TASK STATEMENT: Repeat precisely the line in which "We will go to" occurs and all lines that follow it in the entries below. Pictures must be omitted.
[Opening EXTRACTED RECORDS section]
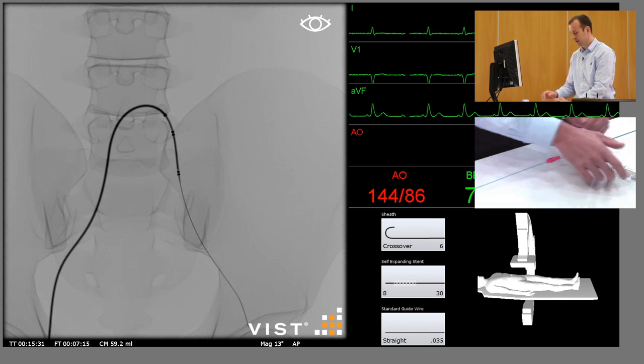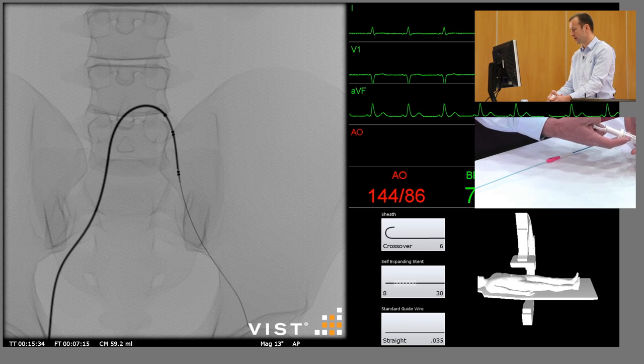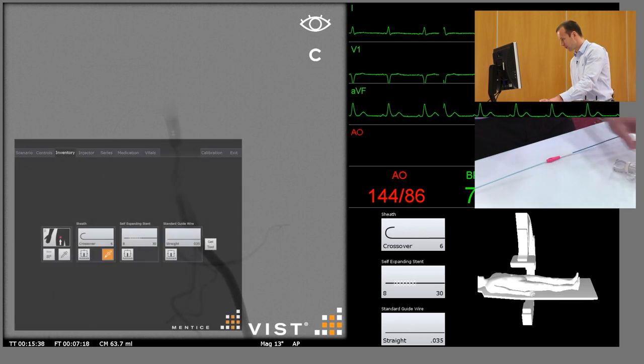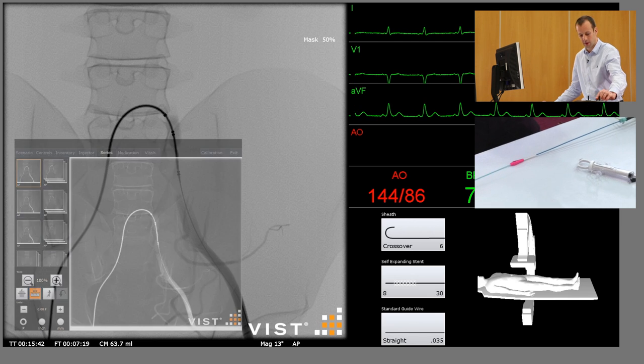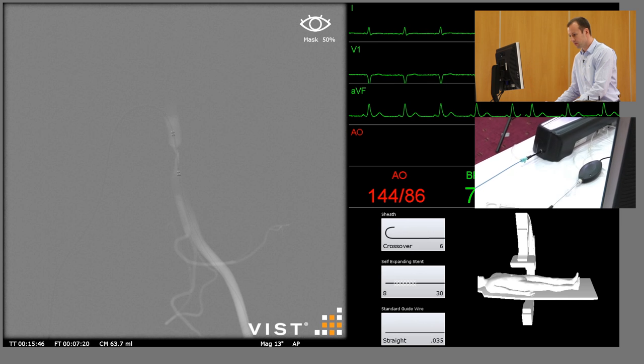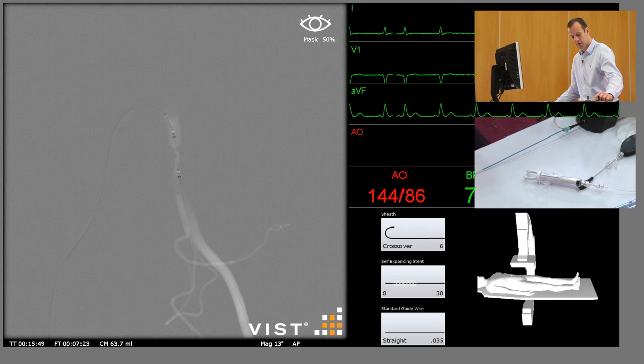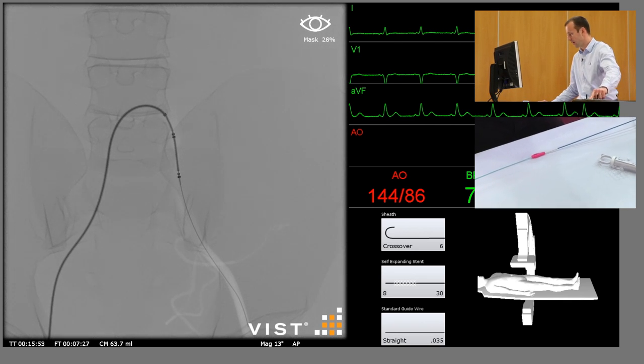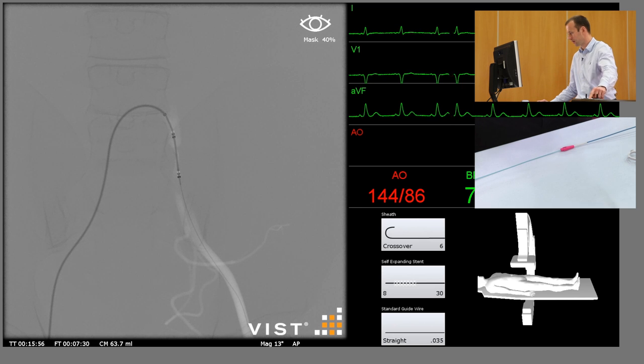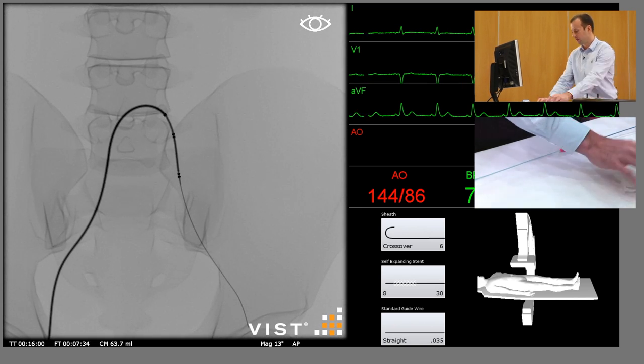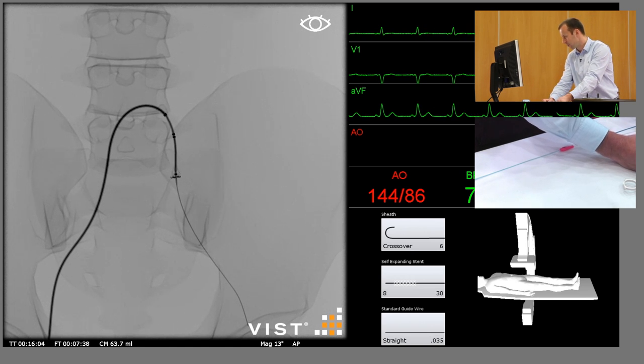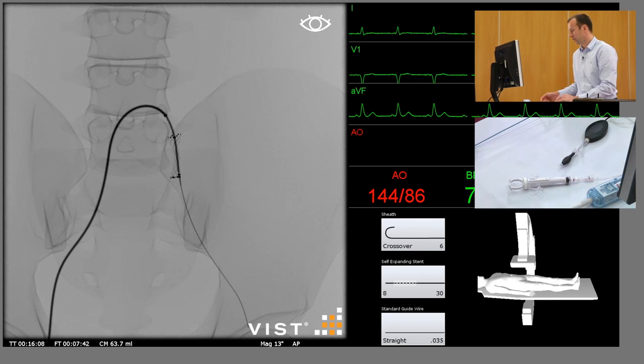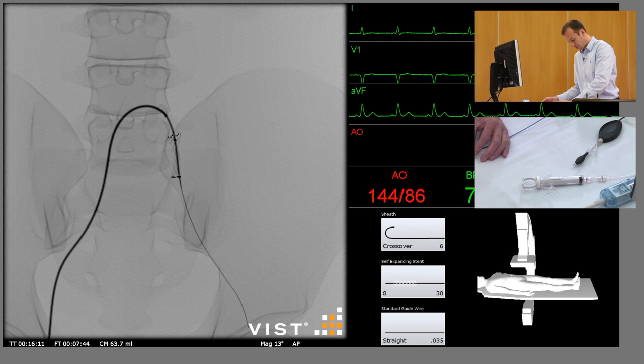To be as accurate as possible we can do another little subtracted run here, and this will show us that the stent needs to be advanced very slightly. We can fade the image in and out to demonstrate the correct positioning, but then fade all the way out to deploy the stent.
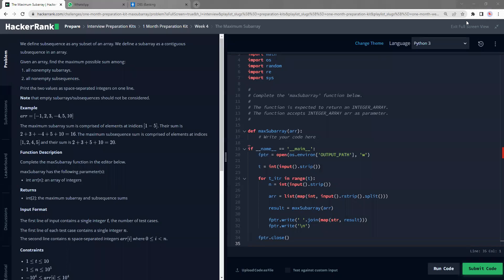Hello everyone, welcome back to our channel. Today we are doing this question called the maximum subarray, which is quite a challenging question. I think we are stepping into the hard category questions now, and this question specifically is something that is very popularly tested and it's quite a fun question as well. I'll just condense what they expect us to do — it's a very simple idea but the logic to solve it is not very straightforward.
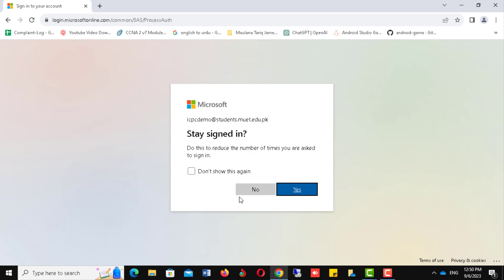Here you have an option to save your account information for next time login. Click either Yes or No to proceed.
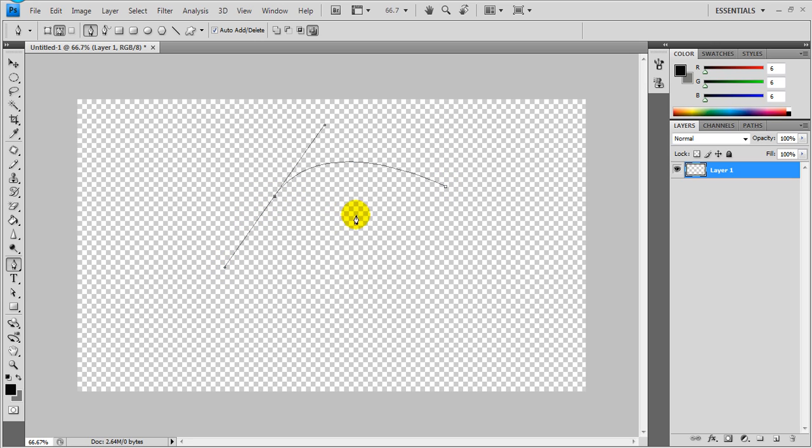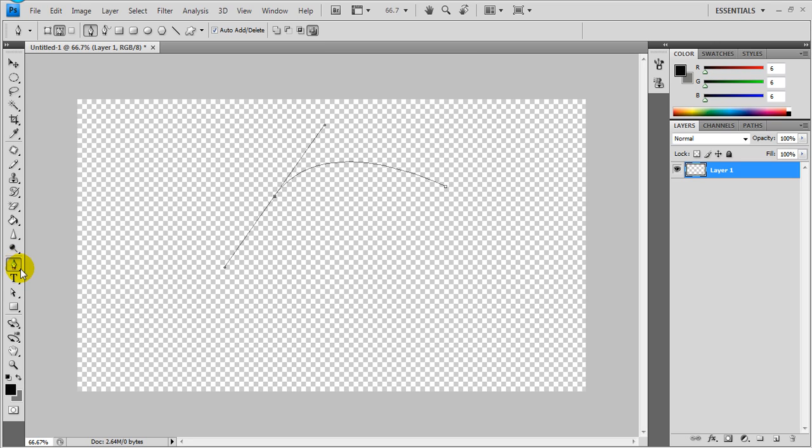So one way to fix this is to come over here. You've got to have the tool that's giving you problems or messing up. Come to the pen tool or whatever you got. I'm going to the pen tool right here.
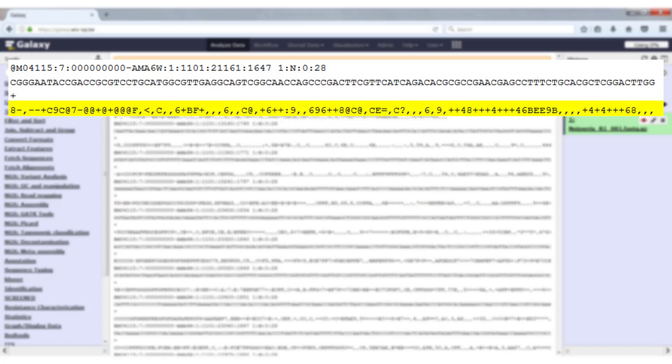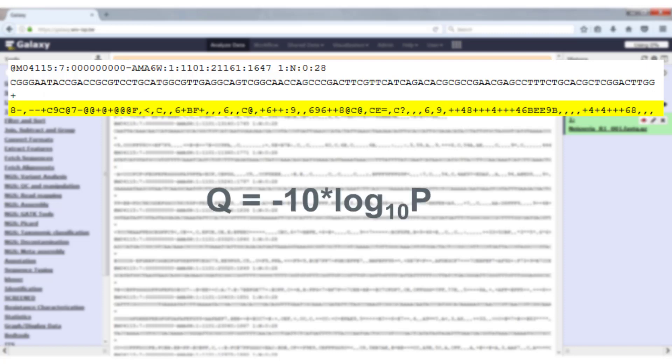The last line holds the quality scores of the base calls. The quality of each base is located directly below that base. This quality is based on a Phred score, and a Phred score is calculated by this formula.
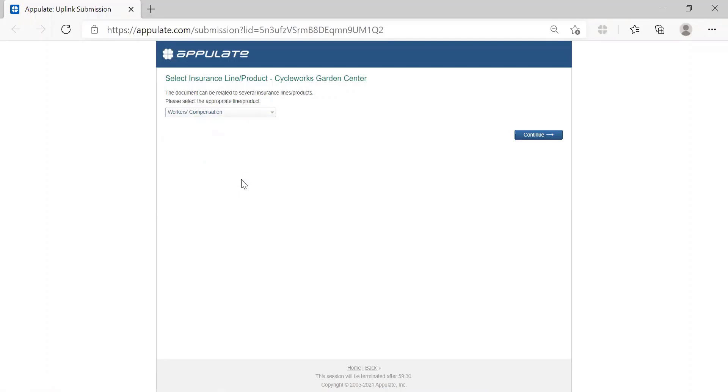Another example would be if I uplinked an Accord 125 instead. Since the 125 is the general app, this dropdown list would obviously be a lot longer.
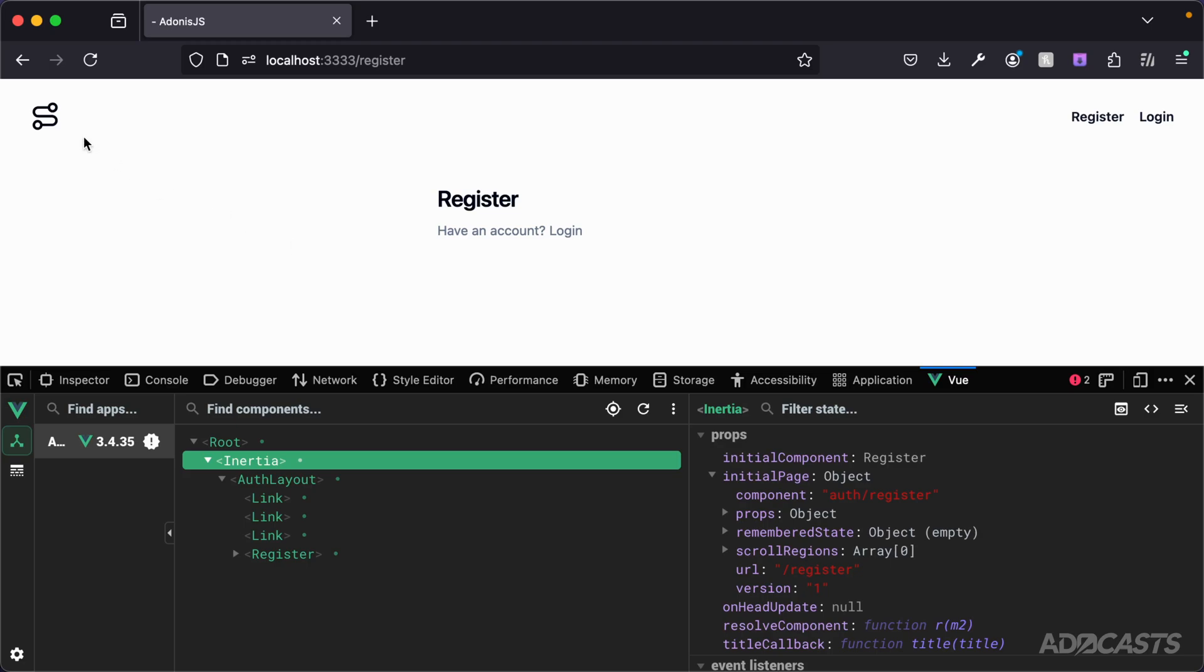So in the last lesson, whenever we added our layout in, that's referred to as the default layout.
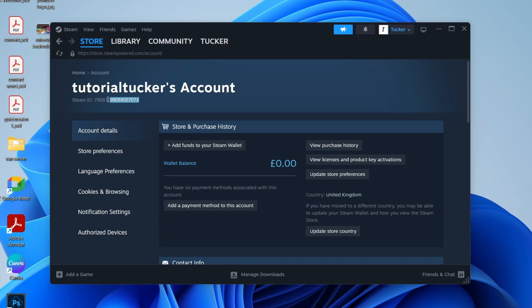So what you can do is highlight it by clicking, holding, and dragging with your cursor, and you can then right-click and press copy and you can then use it where you want it. It's that simple.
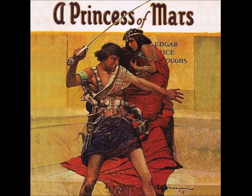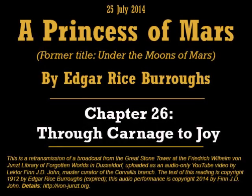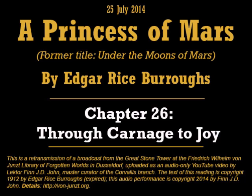Good evening. Welcome to tonight's reading from A Princess of Mars, previously titled Under the Moons of Mars, the first book of the Chronicles of Barsoom by Edgar Rice Burroughs. I am Finn J.D. John, and I will be your reader tonight, under the good offices of my institution, the Friedrich Wilhelm von Junst Library of Forgotten Worlds.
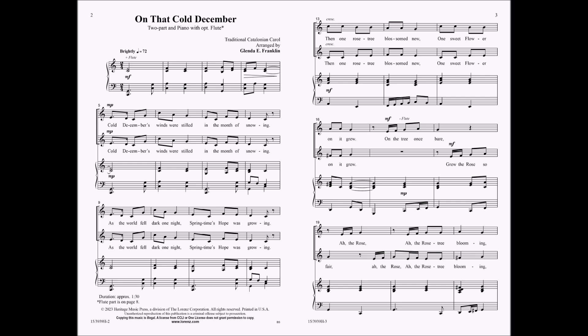Cold December's winds were still in the month of snowing. As the world fell dark one night, springtime's hope was growing.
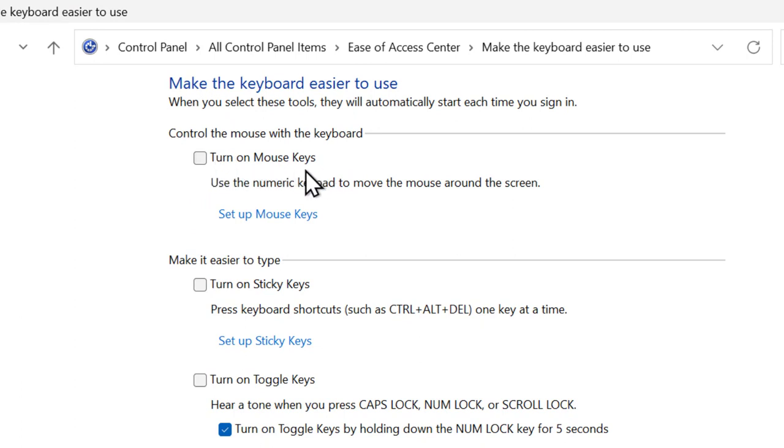You need to turn it off. Make sure that Turn on Mouse Keys is turned off.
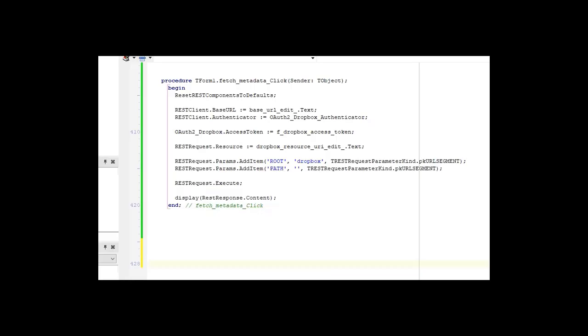Once you have the token, you can perform all kinds of REST requests. For instance, to get metadata from Dropbox, you simply have to give the base URL, point to the authentication component, and then you simply call Execute, and the REST request will be executed.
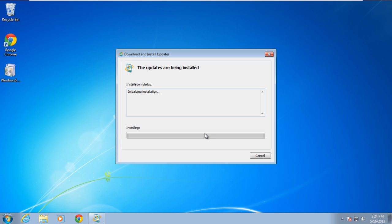We will go to the Microsoft website and download the hotfix for this problem, because we cannot install or copy usbvideo.sys and ks.sys system files separately.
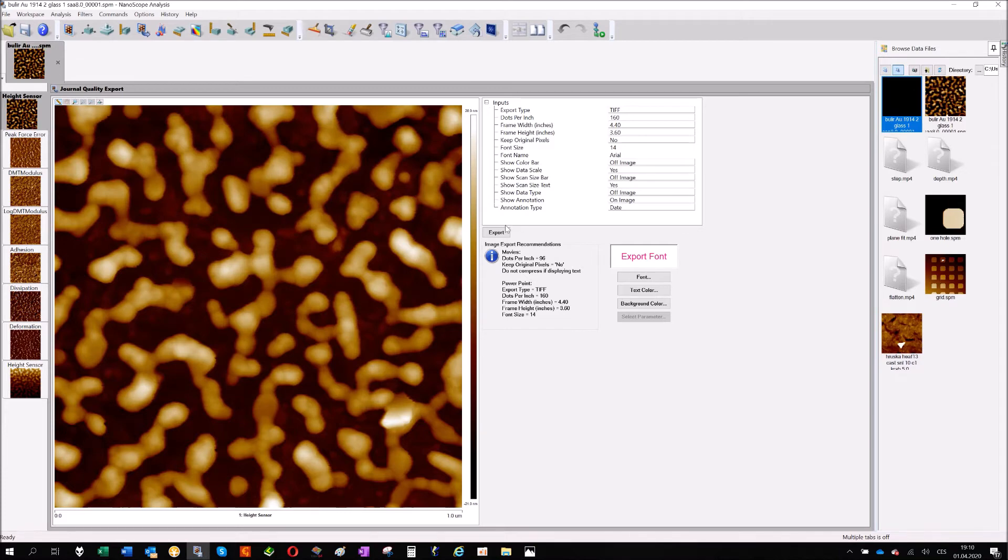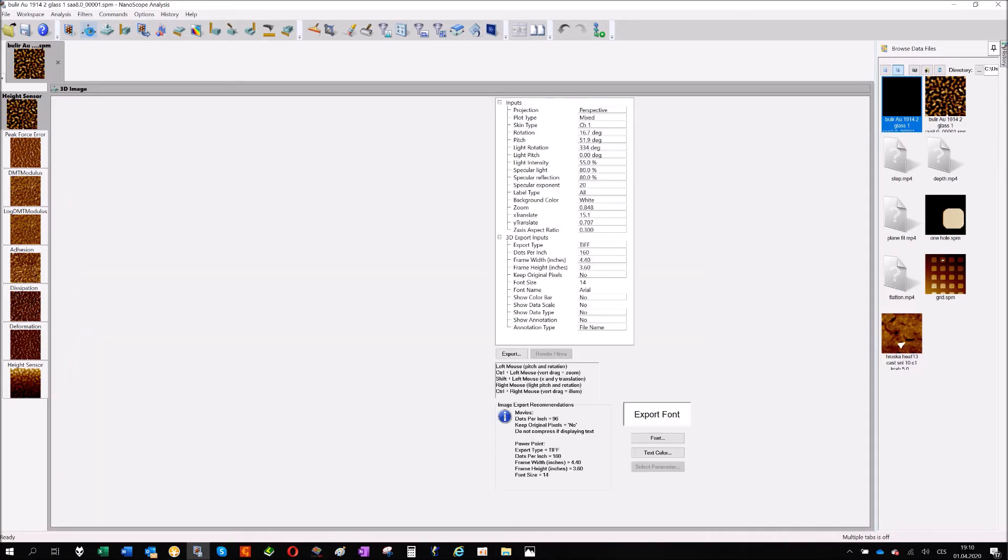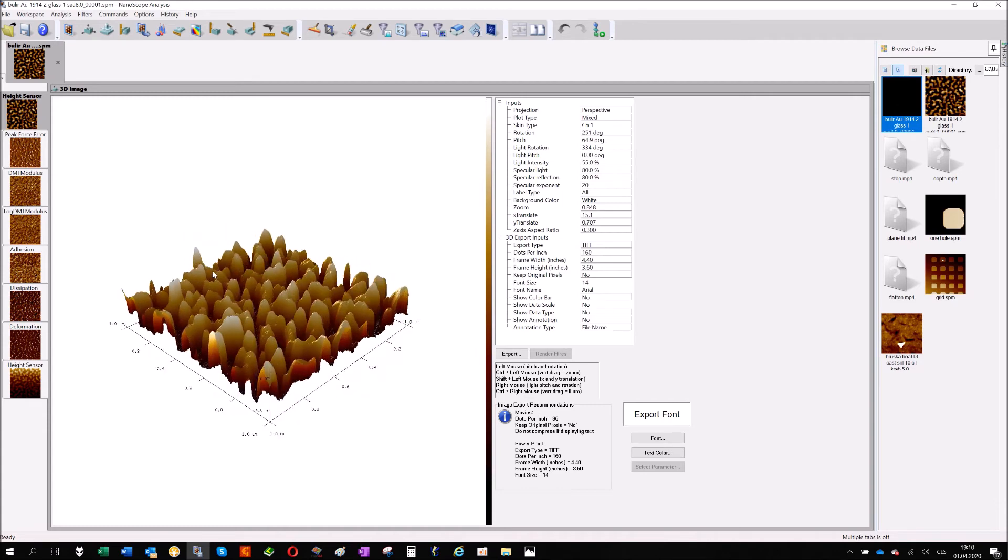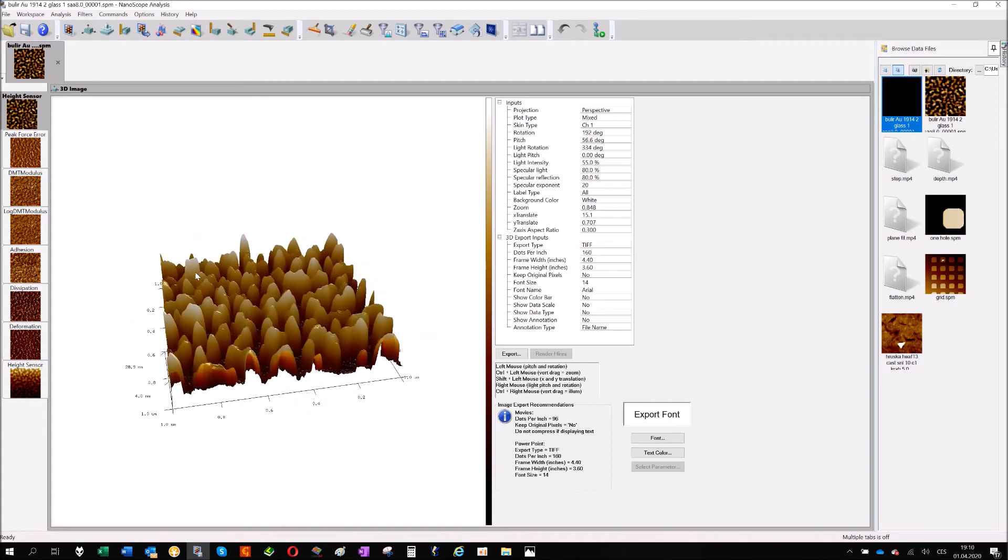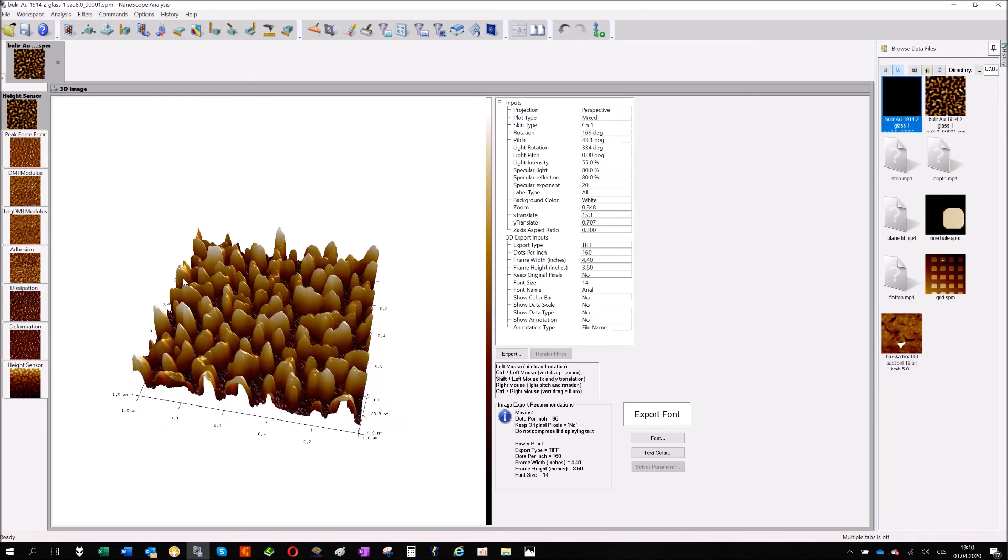We can also do that in 3D. And for that there is another button, another icon called 3D image. So I open it and you can see I already got some 3D image. That's the structure.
[Closing EXTRACTED RECORDS section]
RESPONSE TO THE TASK:
We will go to the Microsoft website and download the hotfix for this problem, because we cannot install or copy usbvideo.sys and ks.sys system files separately.
We can also do that in 3D. And for that there is another button, another icon called 3D image. So I open it and you can see I already got some 3D image. That's the structure.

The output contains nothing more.